----- DATASET RECORDS -----

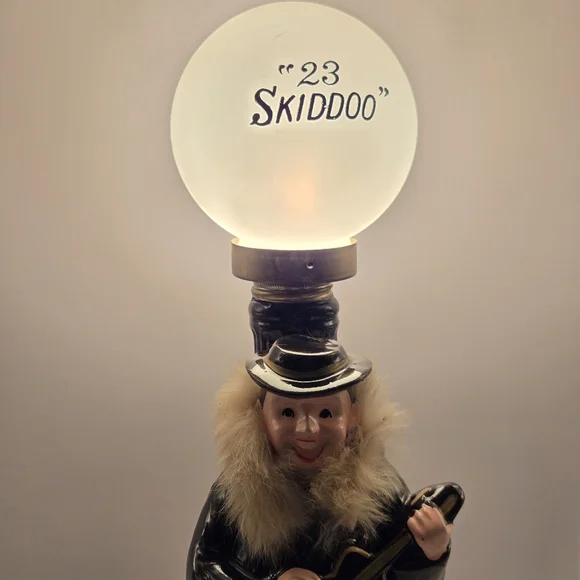 Rare Vintage Enesco Japan Lighted Pub Skidoo Sign Ceramic Lamp Post Musician - Picture 6 of 16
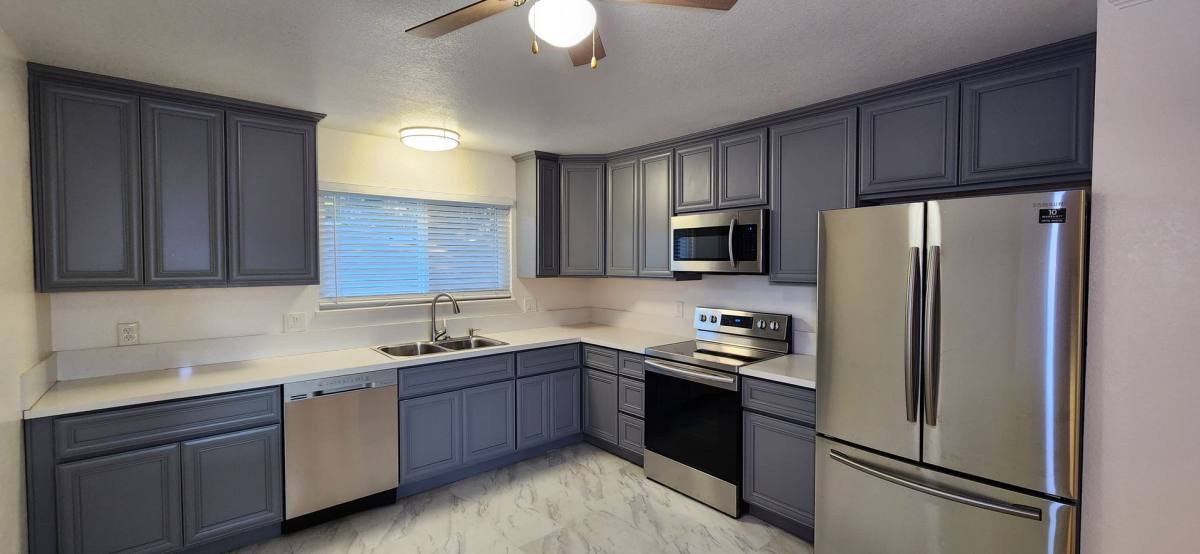 Apartment for rent at 1430 V St, Sacramento, CA 95818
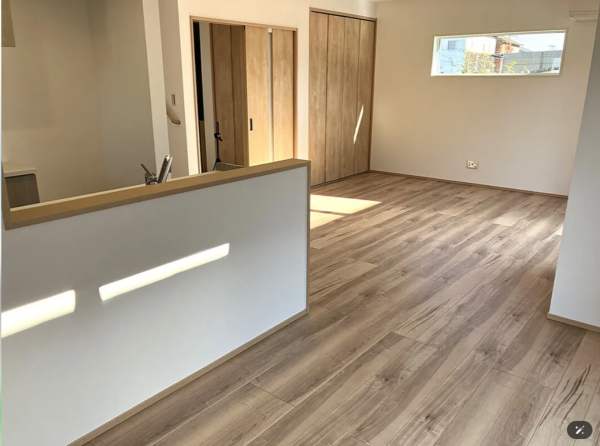 福山市水呑町、新築一戸建ての居間画像です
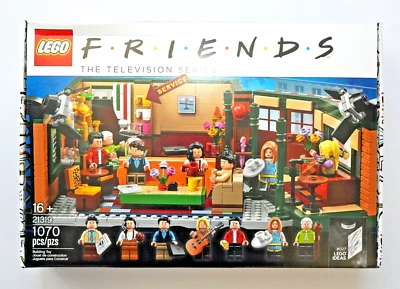 LEGO Friends Central Perk, 1070 pieces (21319) ~ New in Box ~ Never opened - Image 1 of 4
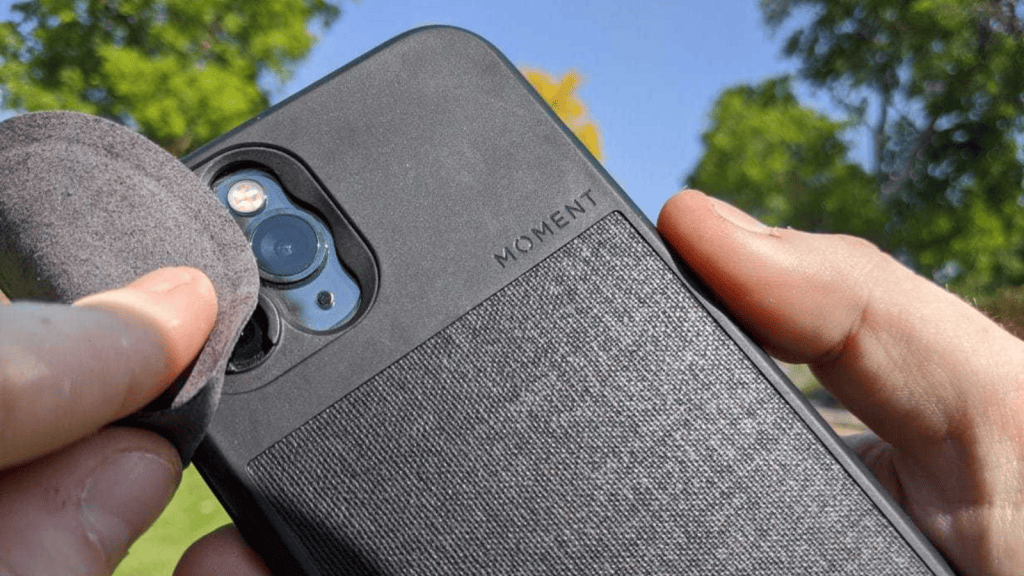 20 tips voor het maken van ongelooflijke foto's met elke mobiele telefoon Houd de lens schoon om duidelijkere, vlekvrije foto's te garanderen. Afbeelding: zegt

-----

* WHAT IS REQUIRED *
Leave the pictures aside and print exactly, and only, the lines from the one with "LEGO Friends Central" through the end of the data, both included.

* SOLUTION TO THE EXERCISE *
 LEGO Friends Central Perk, 1070 pieces (21319) ~ New in Box ~ Never opened - Image 1 of 4
 20 tips voor het maken van ongelooflijke foto's met elke mobiele telefoon Houd de lens schoon om duidelijkere, vlekvrije foto's te garanderen. Afbeelding: zegt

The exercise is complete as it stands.